Start the copy at the line containing "MONSTER HIGH Le" and run it through the last line of the records. Repeat each line exactly; omit pictures.

=== RECORDS FOR THIS TASK ===

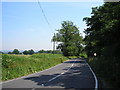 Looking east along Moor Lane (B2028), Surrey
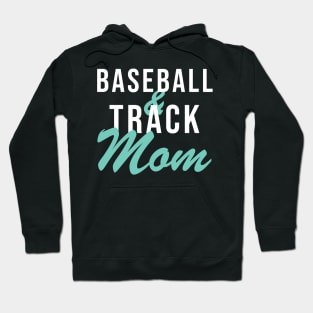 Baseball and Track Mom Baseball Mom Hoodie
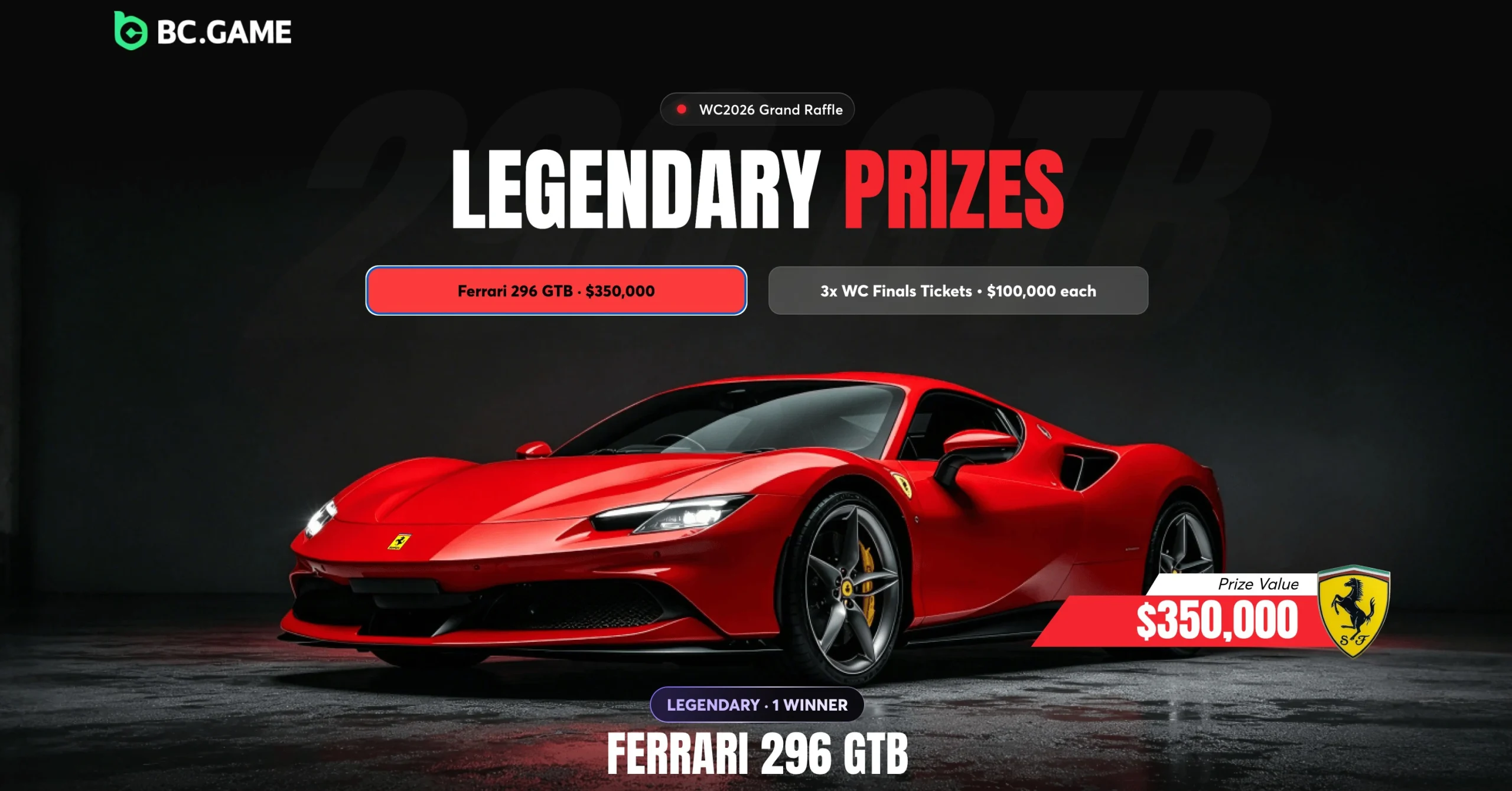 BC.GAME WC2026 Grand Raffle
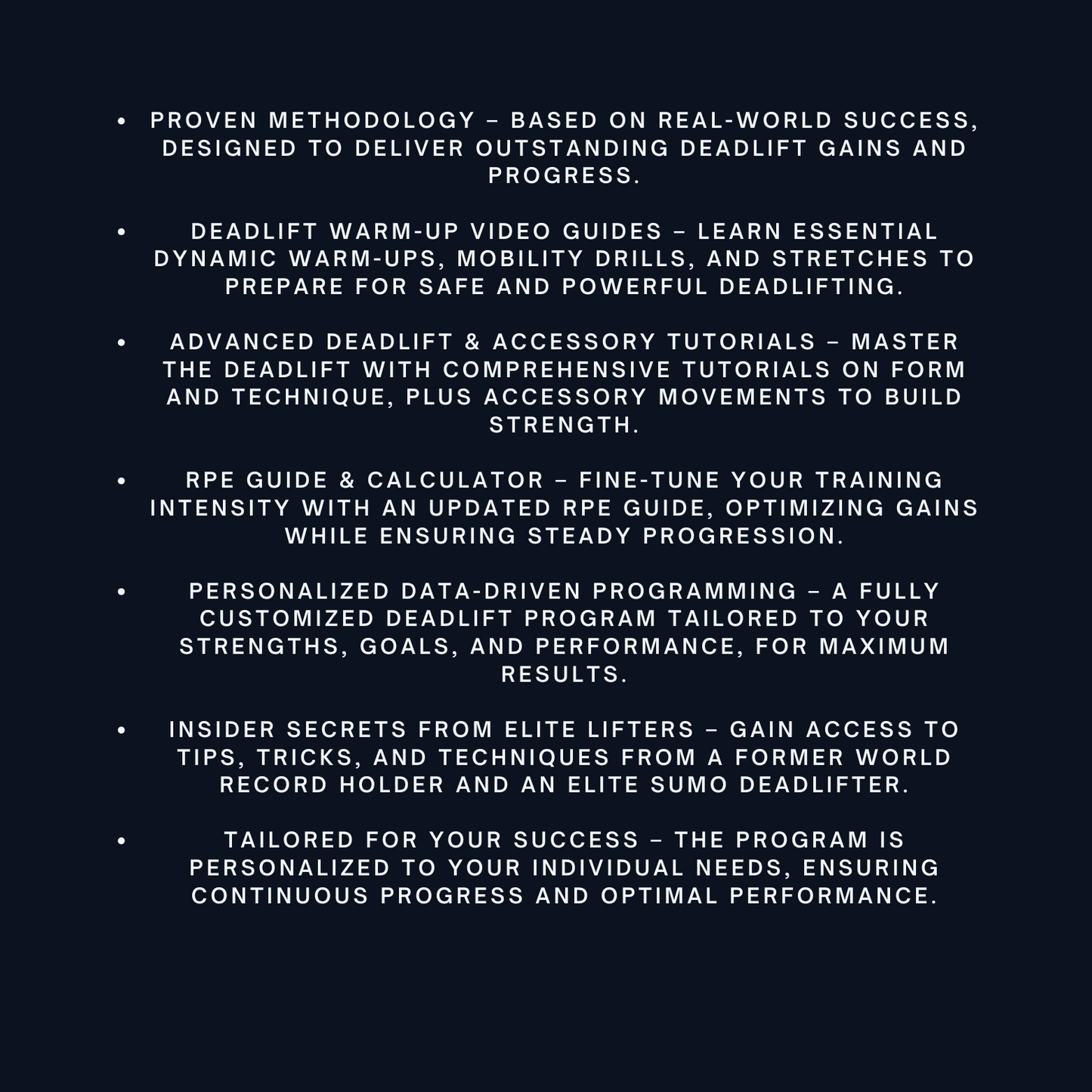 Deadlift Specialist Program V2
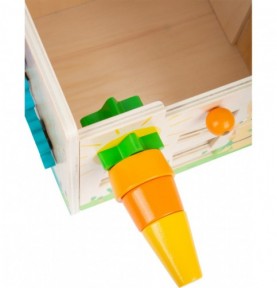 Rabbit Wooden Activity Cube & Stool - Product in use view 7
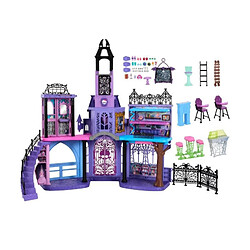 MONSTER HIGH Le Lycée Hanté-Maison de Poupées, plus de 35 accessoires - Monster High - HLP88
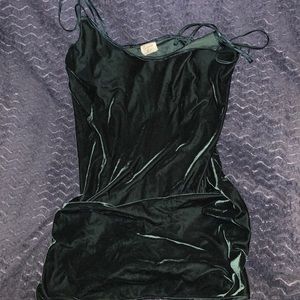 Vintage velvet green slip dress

===

### [ANSWER SECTION]
 MONSTER HIGH Le Lycée Hanté-Maison de Poupées, plus de 35 accessoires - Monster High - HLP88
 Vintage velvet green slip dress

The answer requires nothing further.